## Data Engineering: Boston Crime Database with Postgres

For this project, we will be creating a crime database with the `boston.csv` text file. The purpose is to demonstrate the ability to create a database and table within the Postgres as well as creating user with the least-privilidge permissions necessary for that user. The database to be created will be stored within the `crimes` schema that will also be created to store the tables.

In [3]:
# establish packages

import pandas as pd
import csv
import psycopg2
import numpy as np

In [41]:
# connect to the dataquest postgres database

conn = psycopg2.connect(dbname = 'dq', user='dq')
cur = conn.cursor()
# turn auto commit on to establish 
conn.autocommit = True
cur.execute('CREATE DATABASE crime_db')
conn.autocommit = False
conn.close()

SyntaxError: syntax error at or near "NOT"
LINE 1: CREATE DATABASE IF NOT EXISTS crime_db
                           ^


In [28]:
# connect to crime_db, this database will be use throuhout the rest of the database 
conn2 = psycopg2.connect(dbname = 'crime_db', user = 'dq')
cur2 = conn2.cursor()

# create schema for crimes_db
cur2.execute('CREATE SCHEMA crimes;')
conn2.commit()

In [19]:
"""analyze the boston.csv file to understand the datatypes needed to create 
the postgres table to which it will be stored """

with open('boston.csv') as file:
    reader = list(csv.reader(file))
    header = reader[0]
    first_row = reader[1]

print(header)
print(first_row)

['incident_number', 'offense_code', 'description', 'date', 'day_of_the_week', 'lat', 'long']
['1', '619', 'LARCENY ALL OTHERS', '2018-09-02', 'Sunday', '42.35779134', '-71.13937053']


In [20]:
# get python value set

def get_col_set(csv_file, col_index):
    values = set()
    with open(csv_file) as file:
        next(file)
        reader = csv.reader(file)
        for row in reader:
            values.add(row[col_index])
    return values
    
for i in range(len(header)):
    values = get_col_set('boston.csv', i)
    print(i, header[i], len(values), sep='\t')
        
       

0	incident_number	298329
1	offense_code	219
2	description	239
3	date	1177
4	day_of_the_week	7
5	lat	18177
6	long	18177


In [21]:
col_values = get_col_set('boston.csv', 2)
max_value = 0
for i in col_values:
    if len(i) > max_value:
        max_value = len(i)
max_value

58

After determining the index for the description column, we looped through the descriptions column to determine the the max length for each distinct value available for the this column.
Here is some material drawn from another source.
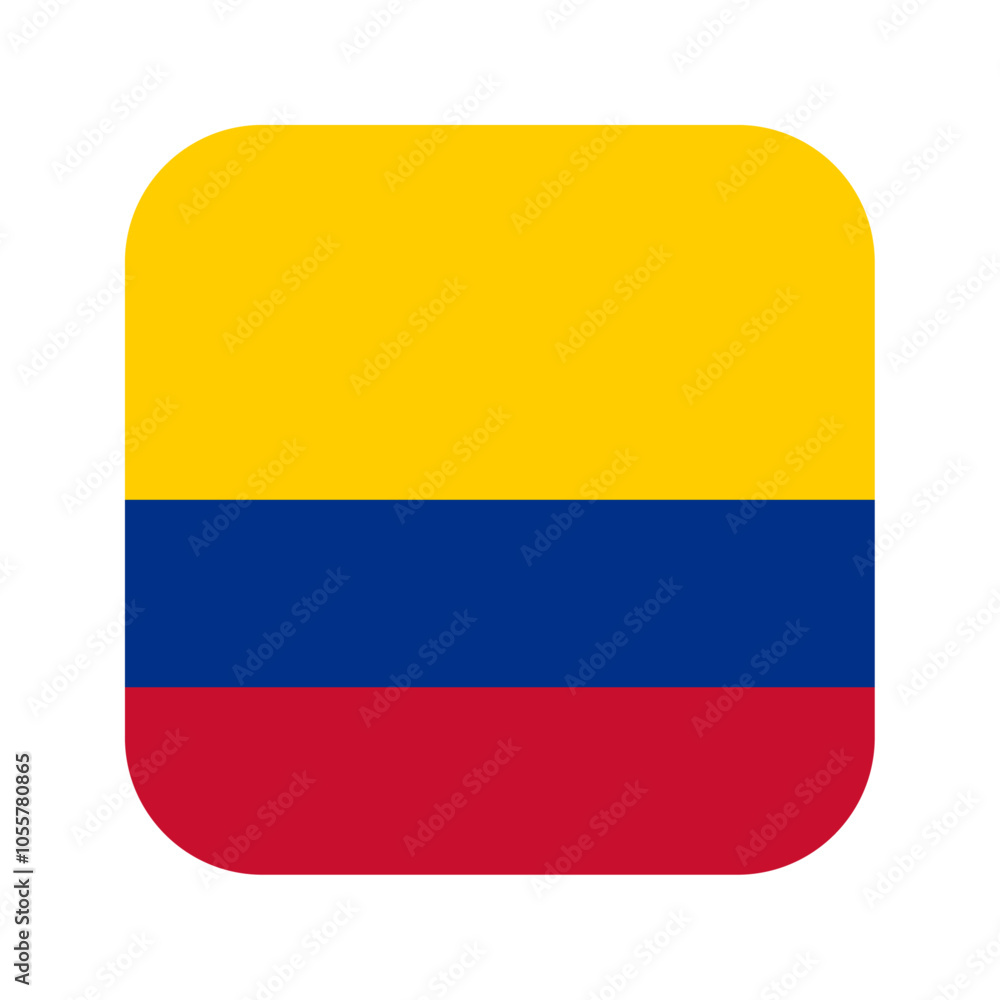 Colombia flag rounded square icon Colombia flag rounded square icon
The max character value count was determined to be 58. We have determined the appropriate variables to create the postgres table within our `crimes_db`

### Creating tables within the Crimes Schema 

We will create the following enumerate type for the weekdays seeing that it will consist of no more than 7 distinct values. With those values Wednesday has larger total of characters in a given value. To do that, we used the get_col_set and will recall the header as well as first row of our csv file.

In [9]:
print(header)
print(first_row)

['incident_number', 'offense_code', 'description', 'date', 'day_of_the_week', 'lat', 'long']
['1', '619', 'LARCENY ALL OTHERS', '2018-09-02', 'Sunday', '42.35779134', '-71.13937053']


In [10]:
col_values = get_col_set('boston.csv', 4)
max_value_week = 0
for i in col_values:
    if len(i) > max_value_week:
        max_value_week = len(i)
print(col_values)

{'Wednesday', 'Tuesday', 'Saturday', 'Monday', 'Friday', 'Thursday', 'Sunday'}


In [25]:
cur2.execute("CREATE TYPE Weekdays AS ENUM ('Monday', 'Saturday', 'Friday', 'Thursday', 'Tuesday', 'Sunday', 'Wednesday')")
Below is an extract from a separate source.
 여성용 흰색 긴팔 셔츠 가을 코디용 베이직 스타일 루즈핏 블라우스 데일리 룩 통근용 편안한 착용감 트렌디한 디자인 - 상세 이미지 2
-------------------------------------
| Tables | Type Description |
------------|---------|
| incident_number | INT PRIMARY KEY
| offense_code	| INT
| description |	TEXT
| date  |	DATE
| day_of_the_week | Weekdays
| lat | Decimal
| long| Decimal

In [32]:
# Create database within the crimes schema
cur2.execute("rollback;")
cur2.execute("""CREATE TABLE IF NOT EXISTS crimes.boston_crimes ( 
                            incident_number INTEGER PRIMARY KEY,
                            offense_code INTEGER,
                            description varchar(100),
                            date DATE,
                            day_of_the_week Weekdays,
                            lat DECIMAL,
                            long DECIMAL );""")

conn2.commit()


### Importing `boston.csv` data into our new `boston_crimes` table

Now that we have created our boston_crimes table within the crimes schema, it is now time to import the `boston.csv`. There are a few options to be used for this step. However it is suggested to use the .copy_exper module to perform this process as it is efficient compared to iterating over each line to copy into the database 

example of import

`with open("filename.csv") as f:
    cur.copy_expert("COPY table_name FROM STDIN WITH CSV HEADER;", f) `


In [36]:
with open('boston.csv') as f: 
    cur2.copy_expert("COPY crimes.boston_crimes FROM STDIN WITH CSV HEADER;", f)

In [61]:
# Review loaded data by performing SELECT statement

cur2.execute("SELECT * FROM crimes.boston_crimes;")
cur2.fetchmany(5)

[(1,
  619,
  'LARCENY ALL OTHERS',
  datetime.date(2018, 9, 2),
  'Sunday',
  Decimal('42.35779134'),
  Decimal('-71.13937053')),
 (2,
  1402,
  'VANDALISM',
  datetime.date(2018, 8, 21),
  'Tuesday',
  Decimal('42.30682138'),
  Decimal('-71.06030035')),
 (3,
  3410,
  'TOWED MOTOR VEHICLE',
  datetime.date(2018, 9, 3),
  'Monday',
  Decimal('42.34658879'),
  Decimal('-71.07242943')),
 (4,
  3114,
  'INVESTIGATE PROPERTY',
  datetime.date(2018, 9, 3),
  'Monday',
  Decimal('42.33418175'),
  Decimal('-71.07866441')),
 (5,
  3114,
  'INVESTIGATE PROPERTY',
  datetime.date(2018, 9, 3),
  'Monday',
  Decimal('42.27536542'),
  Decimal('-71.09036101'))]

## Database and Table Permissions

The next step in establishing our database, tables and schemas are to establish permissions amongst users. To do so, we will utilize both the `GRANT` and `REVOKE` commands. The most efficient method to grant or revoke permission for several current and future users is to create user groups. We can establish permissions of the user groups and will add users to those groups to automatically establish what access the user has for Databases and Tables.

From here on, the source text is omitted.